**AIM OF THE TASK**
In the entries below, find the line with "Henry reflects on" and the line with "Preview: Die Früchte". Reproduce those two lines and every line between them exactly, and nothing more.

[Brief descriptive captions]
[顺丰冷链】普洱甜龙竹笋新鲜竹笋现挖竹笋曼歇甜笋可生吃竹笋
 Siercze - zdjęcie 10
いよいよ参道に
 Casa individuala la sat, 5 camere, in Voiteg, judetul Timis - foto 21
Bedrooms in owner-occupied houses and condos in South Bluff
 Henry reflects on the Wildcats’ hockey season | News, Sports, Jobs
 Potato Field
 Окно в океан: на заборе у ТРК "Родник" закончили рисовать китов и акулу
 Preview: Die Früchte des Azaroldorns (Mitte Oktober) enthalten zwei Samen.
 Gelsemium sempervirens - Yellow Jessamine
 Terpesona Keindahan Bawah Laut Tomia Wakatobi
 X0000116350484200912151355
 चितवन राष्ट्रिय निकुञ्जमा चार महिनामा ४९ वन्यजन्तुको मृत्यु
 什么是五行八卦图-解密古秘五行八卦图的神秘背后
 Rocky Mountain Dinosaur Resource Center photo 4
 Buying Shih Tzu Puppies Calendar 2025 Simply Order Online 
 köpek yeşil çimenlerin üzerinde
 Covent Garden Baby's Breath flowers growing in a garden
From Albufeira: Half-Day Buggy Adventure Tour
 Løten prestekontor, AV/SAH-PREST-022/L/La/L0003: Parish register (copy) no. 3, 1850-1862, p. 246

**SOLUTION TO THE EXERCISE**
 Henry reflects on the Wildcats’ hockey season | News, Sports, Jobs
 Potato Field
 Окно в океан: на заборе у ТРК "Родник" закончили рисовать китов и акулу
 Preview: Die Früchte des Azaroldorns (Mitte Oktober) enthalten zwei Samen.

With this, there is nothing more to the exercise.